#### [DATA SUPPLIED]
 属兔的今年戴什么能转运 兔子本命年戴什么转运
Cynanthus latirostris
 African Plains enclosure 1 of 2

--

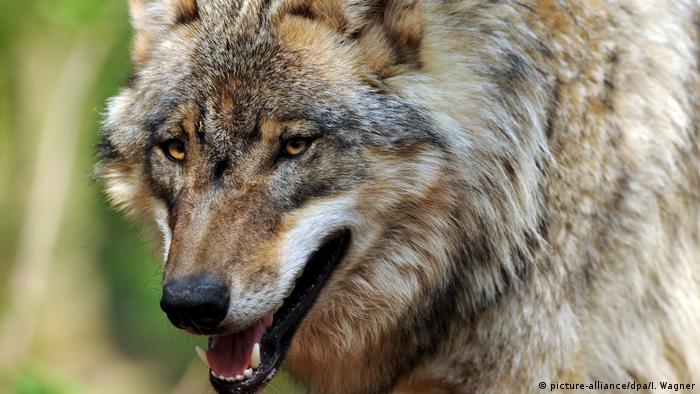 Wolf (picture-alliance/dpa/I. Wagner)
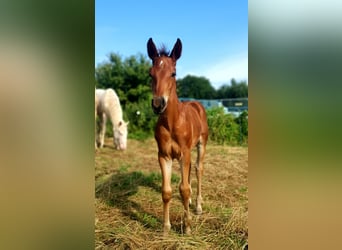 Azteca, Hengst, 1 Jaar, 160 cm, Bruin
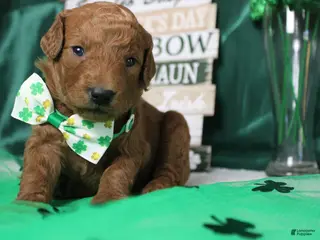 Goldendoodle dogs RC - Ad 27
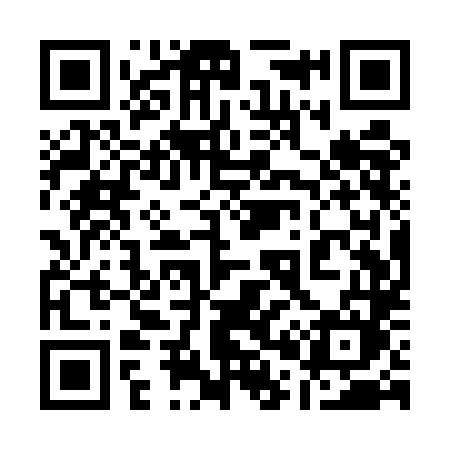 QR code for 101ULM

#### [YOUR GOAL]
In the listing above, locate the line containing "属兔的今年戴什么能转运 兔子本命年戴什么转运" and the line containing "African Plains enclosure 1 of 2", then transcribe both and every line between them verbatim.

#### [EXERCISE RESULT]
 属兔的今年戴什么能转运 兔子本命年戴什么转运
Cynanthus latirostris
 African Plains enclosure 1 of 2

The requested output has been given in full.